#### TASK DESCRIPTION
All of the data below should come back exactly as written, minus its images.

#### DATASET EXCERPT

↓↓↓

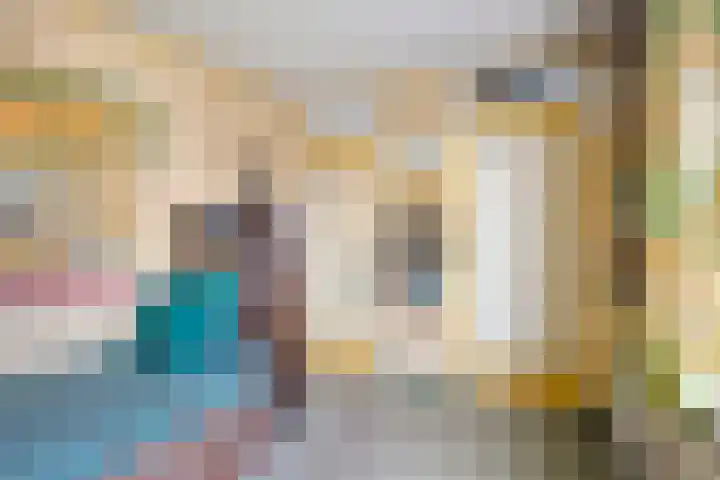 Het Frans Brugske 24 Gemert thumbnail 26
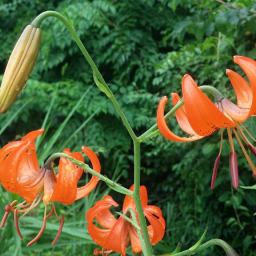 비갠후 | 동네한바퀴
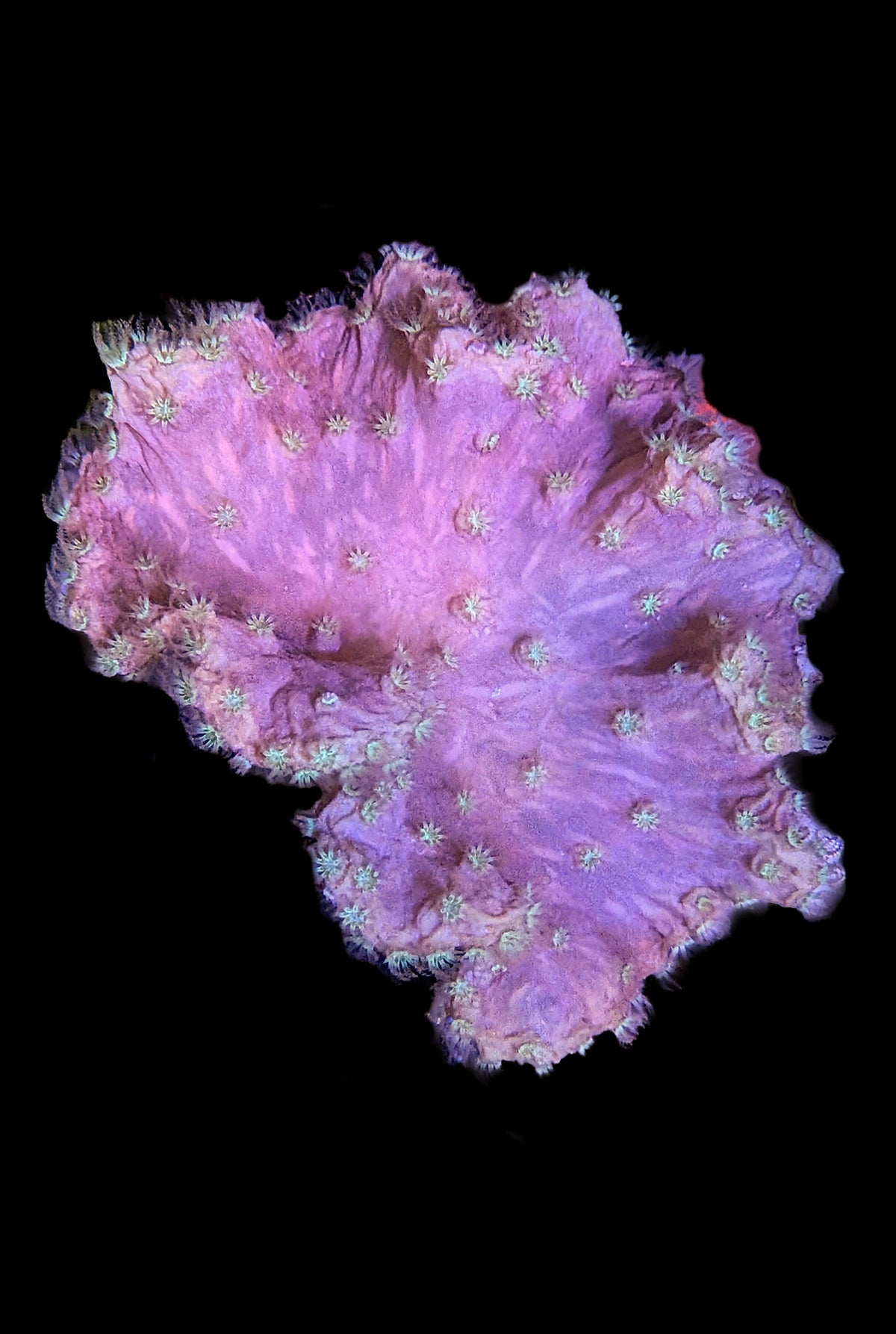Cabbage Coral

↑↑↑

#### OUTPUT FOR THIS TASK
 Het Frans Brugske 24 Gemert thumbnail 26
 비갠후 | 동네한바퀴
Cabbage Coral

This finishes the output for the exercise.